Another tip is to set a goal for yourself that shows that you are constantly trying to improve at what you do. It also does not hurt to tell them how long you have been in the business.
“I think it’s important for people in their lower 20s to be considered as potential leads when looking to buy a house. I have been an agent for 15 years and it is rare to see a buyer of that age. Within the next year I want to be a part of “X amount” of transactions of first-time homebuyers”.
Lastly, make it personal. Your clients need to be able to trust you and your knowledge. Stay consistent on the contact and make yourself approachable. It is okay to educate people on a topic that you are well-versed in, but do not talk down to anyone as this is an easy way to deter people from giving you a call back.
It does not end there though. Hopefully, this will lead into a conversation where your elevator partner can tell you if they are looking to buy, sell, keep up to date with the market, or if they know anyone who needs an agent. Remember: Even if they do not need you right now, they might need you in the future.
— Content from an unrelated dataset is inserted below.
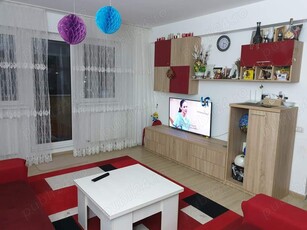 Vând apartament 3 camere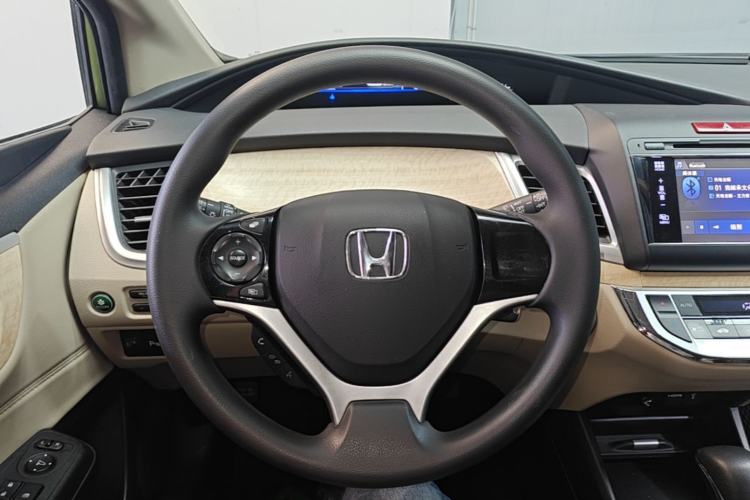 Used Honda Jade 2013 1.8L automatic Comfort version 5 seats Steering Wheel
If possible, treat every potential lead as a top priority.
Find out what they do as well and what they are like. Use what you know about them to gauge where they are at in the home search process. Maybe they say that they are not looking to move. But they say that their family is growing! Put that in your notes after you take their contact information. They may be looking to expand in a couple of years.
The elevator pitch is a crucial part of any job. Being able to talk to anyone but who you are and what you do is a key skill to have and will benefit you in the long run. It may feel like not many leads are coming from the random people in line at the grocery store. But all you need is one person to say, “I am actually thinking of selling my house!”
Keep it brief – Your pitch should only be about 30 seconds long.
Talk about what you know – Bring in some past experiences or knowledge that you have acquired. Now is not the time to be vague or for cliches. Show what makes you different.
Make it personal – Make it a conversation. It should flow naturally. Bring what you know about who you are speaking to into the conversation.
Keep Going – It may feel like you are just talking to people who have no need for an agent. That is okay! Practicing your elevator pitch will make you more comfortable. You will be able to adapt it into what feels the most organic for you. Remember, all you need is for one person to take your business card!